Would you opt for a tracker mortgage if interest rates are set to go up in 2018?
The number of homeowners opting for a
variable rate when they remortgage has plummeted 75 per cent over the
past year as the Bank of England was tipped to raise interest rates -
and then did.
But with the Bank having
outlined that base rate should continue to climb in 2018, why would you
opt for anything other than a fixed rate now?
It
might seem an odd move but there are still some reasons why borrowers
would take out a mortgage that could rise rather than locking into a
fix.
Over the past 12 months demand for fixed
rate deals surged as warnings from the Bank of England stepped up,
ending with a quarter point rise in the base rate in November.
Markets
and economists are pricing in at least one further 0.25 per cent rise
early in 2018, which would take the official rate up to 0.75 per cent
from the current level of 0.5 per cent.
According
to conveyancing firm LMS, one in five homeowners looking to remortgage
onto a new deal this time last year opted for a variable rate.
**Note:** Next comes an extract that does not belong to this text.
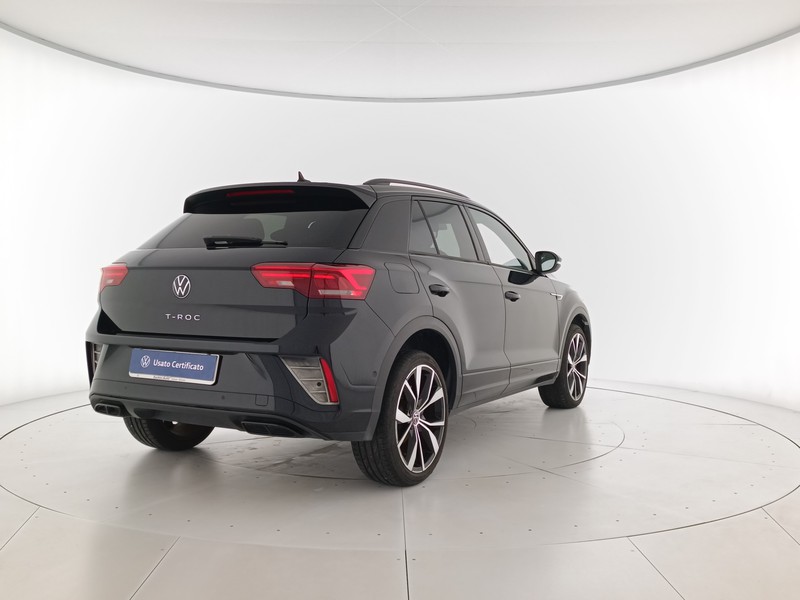 4 - Volkswagen T-Roc 1.0 tsi r-line 110cv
Now, just
one in 20 homeowners is choosing flexible rates with the remainder
locking into fixed rate mortgages.
Nick Chadbourne, chief executive of LMS,
said: 'Consumers were correct – 78 per cent of borrowers identified that
a rate rise was likely, and many smartly capitalised on the situation.
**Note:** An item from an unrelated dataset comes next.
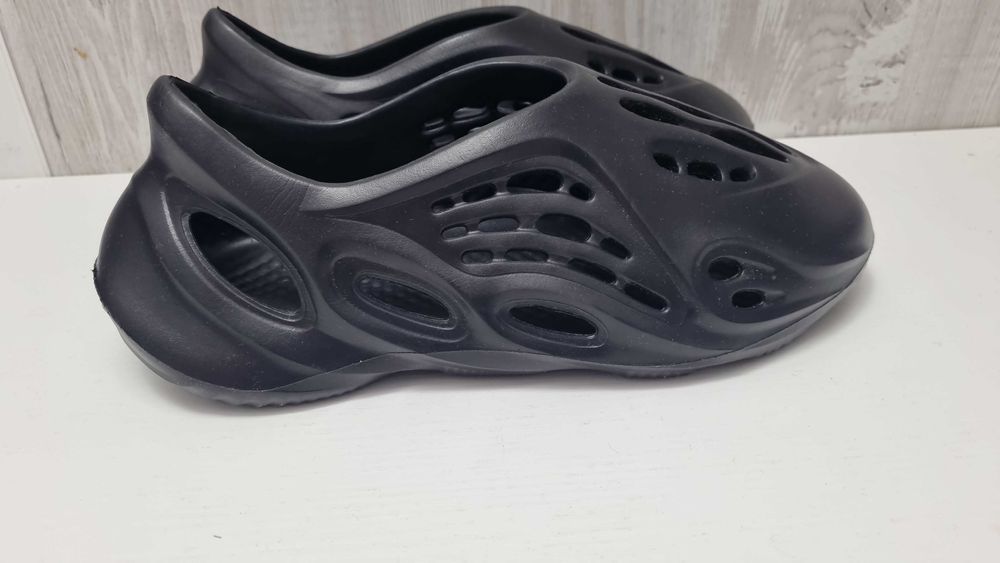 Adidas Yeezy Foam RNNR Onyx Infants marimea 39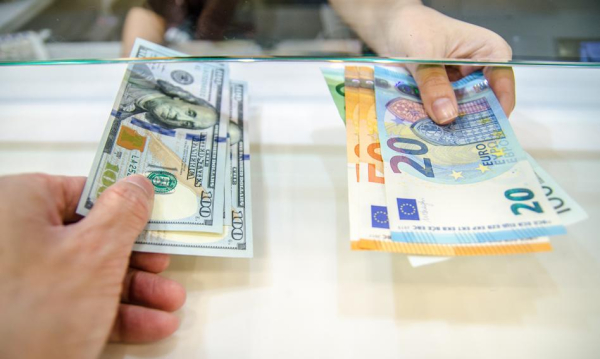 Odetchnięcie z ulgą na parach eurodolarowych. Cena euro utrzymuje się&hellip;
'This activity drove remortgaging volumes to peak, with the highest remortgage numbers since 2008.'
LMS’
figures show October’s remortgage market was the second busiest since
the financial crisis, with 40,590 remortgage transactions and over
£7billion lent.
Longer-term fixed
rate deals have become increasingly popular with demand for five-year
fixed deals making up a record 50 per cent of all of October’s
remortgage transactions, more than double the 19 per cent seen in the
previous year.
'As the Bank of
England hints at a long stretch of rises I suspect many more consumers
will opt to fix deals while rates are rock bottom,' said Chadbourne.